The entries below are to be reproduced exactly, with their pictures omitted.

Stored data:

_ _ _ _ _

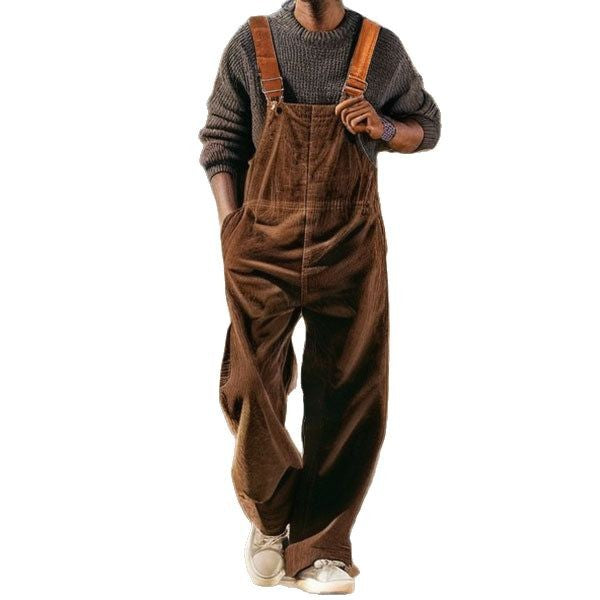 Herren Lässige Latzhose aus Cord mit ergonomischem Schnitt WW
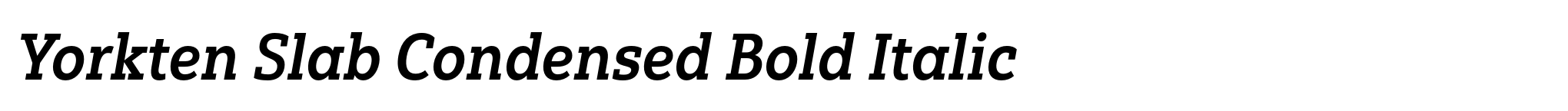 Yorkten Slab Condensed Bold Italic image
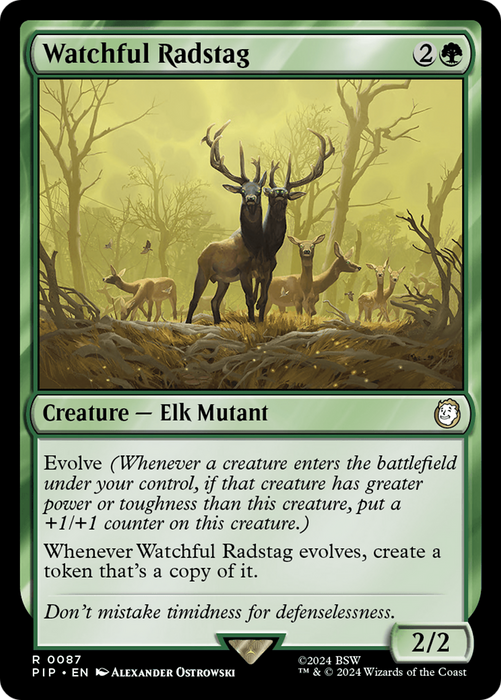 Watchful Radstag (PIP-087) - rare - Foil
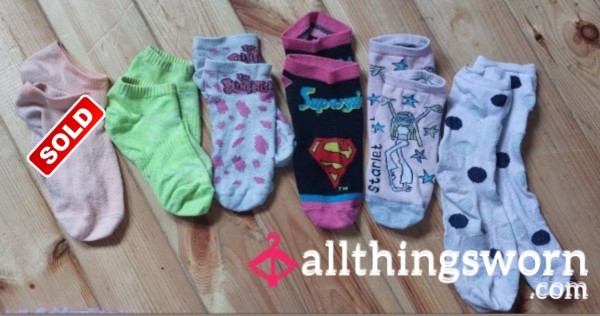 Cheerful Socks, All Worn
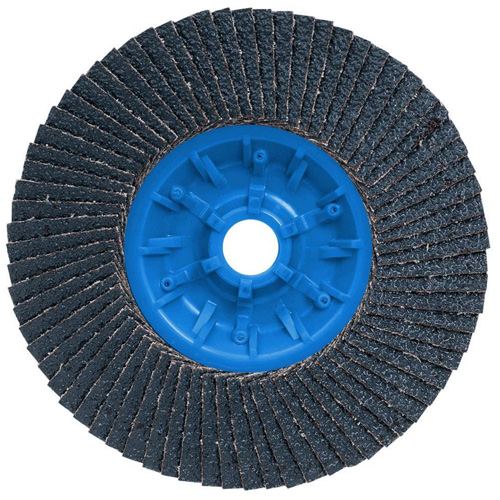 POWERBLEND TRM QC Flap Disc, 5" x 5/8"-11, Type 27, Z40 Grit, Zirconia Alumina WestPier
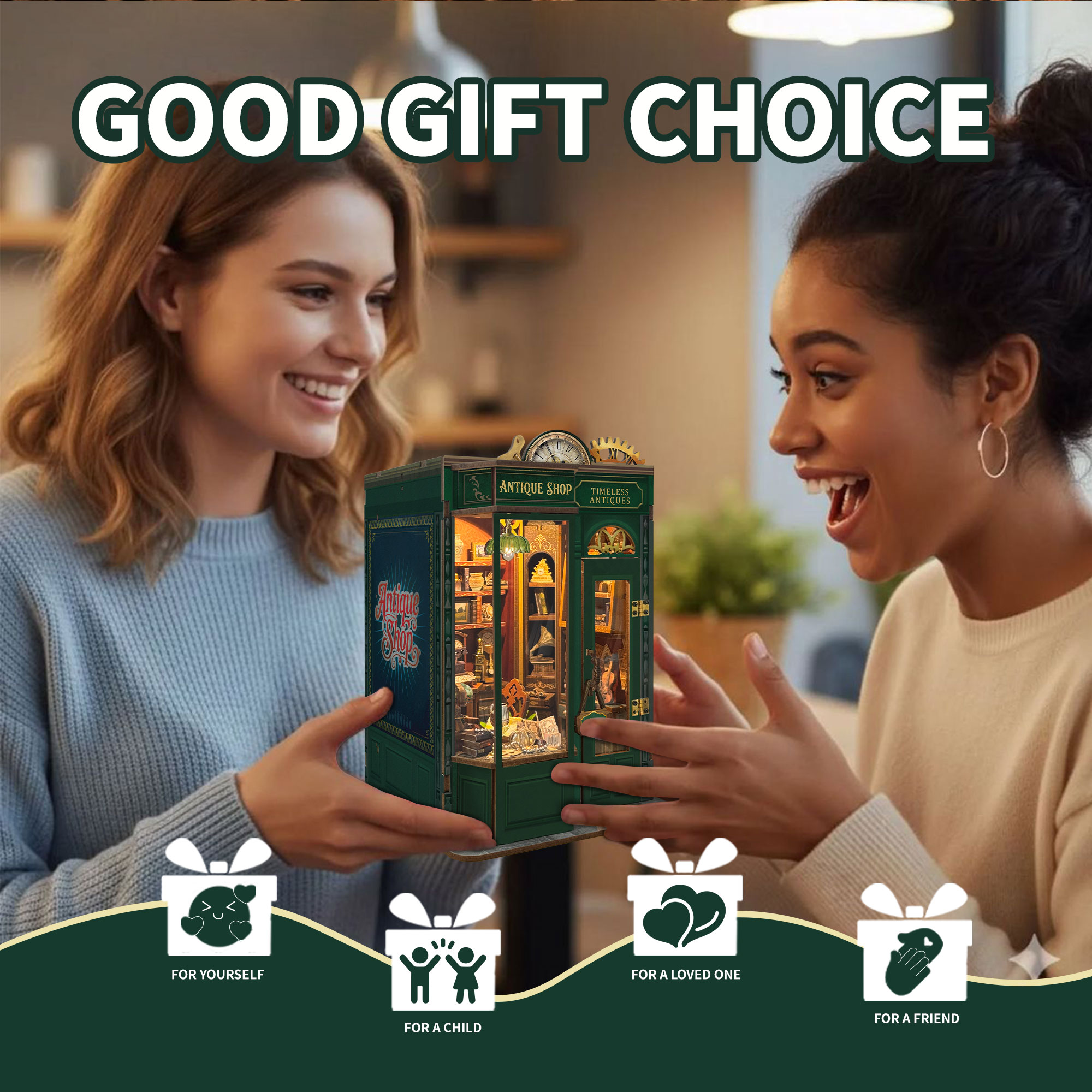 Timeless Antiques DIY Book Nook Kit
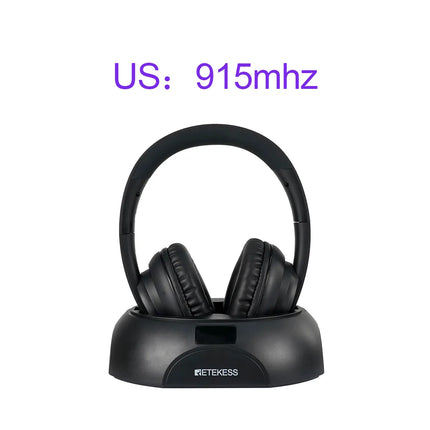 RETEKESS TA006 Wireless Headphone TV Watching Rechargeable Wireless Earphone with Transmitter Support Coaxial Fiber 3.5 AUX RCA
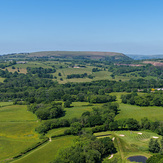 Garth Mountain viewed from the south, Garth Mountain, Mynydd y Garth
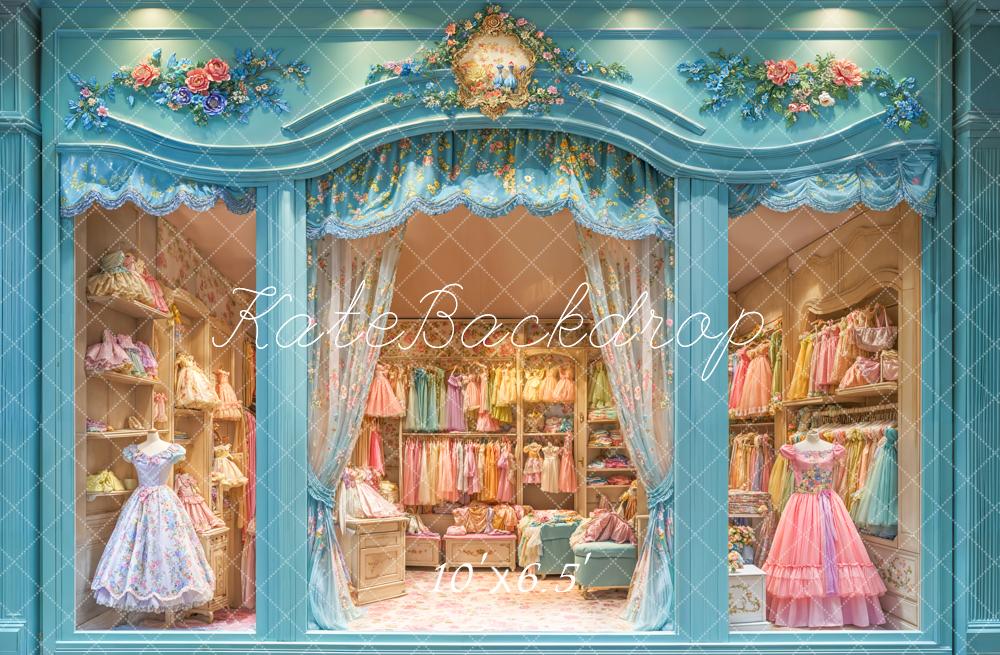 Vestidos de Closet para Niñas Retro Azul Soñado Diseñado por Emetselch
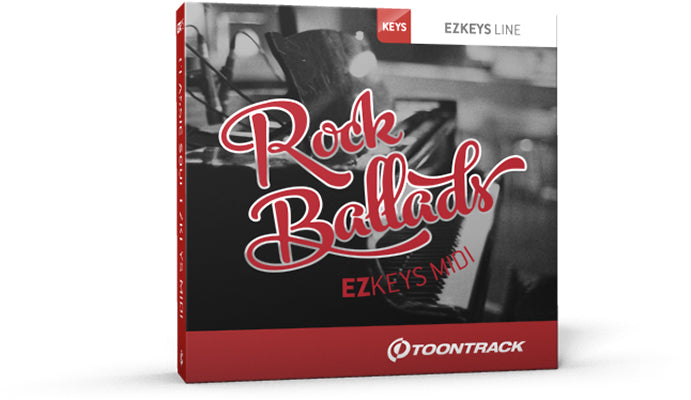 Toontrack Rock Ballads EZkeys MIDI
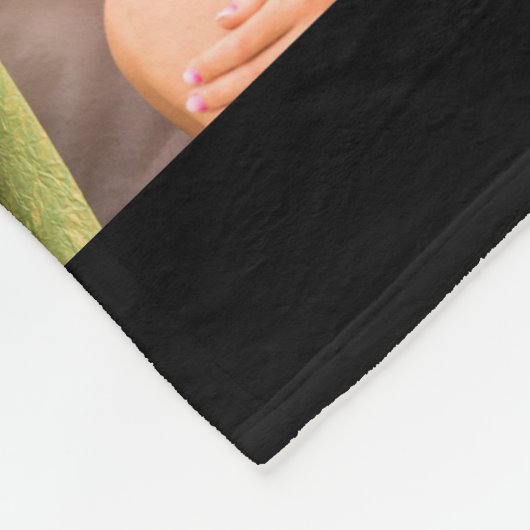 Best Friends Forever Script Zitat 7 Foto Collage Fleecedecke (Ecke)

_ _ _ _ _

→ Solution
 Herren Lässige Latzhose aus Cord mit ergonomischem Schnitt WW
 Yorkten Slab Condensed Bold Italic image
 Watchful Radstag (PIP-087) - rare - Foil
 Cheerful Socks, All Worn
 POWERBLEND TRM QC Flap Disc, 5" x 5/8"-11, Type 27, Z40 Grit, Zirconia Alumina WestPier
 Timeless Antiques DIY Book Nook Kit
 RETEKESS TA006 Wireless Headphone TV Watching Rechargeable Wireless Earphone with Transmitter Support Coaxial Fiber 3.5 AUX RCA
 Garth Mountain viewed from the south, Garth Mountain, Mynydd y Garth
 Vestidos de Closet para Niñas Retro Azul Soñado Diseñado por Emetselch
 Toontrack Rock Ballads EZkeys MIDI
 Best Friends Forever Script Zitat 7 Foto Collage Fleecedecke (Ecke)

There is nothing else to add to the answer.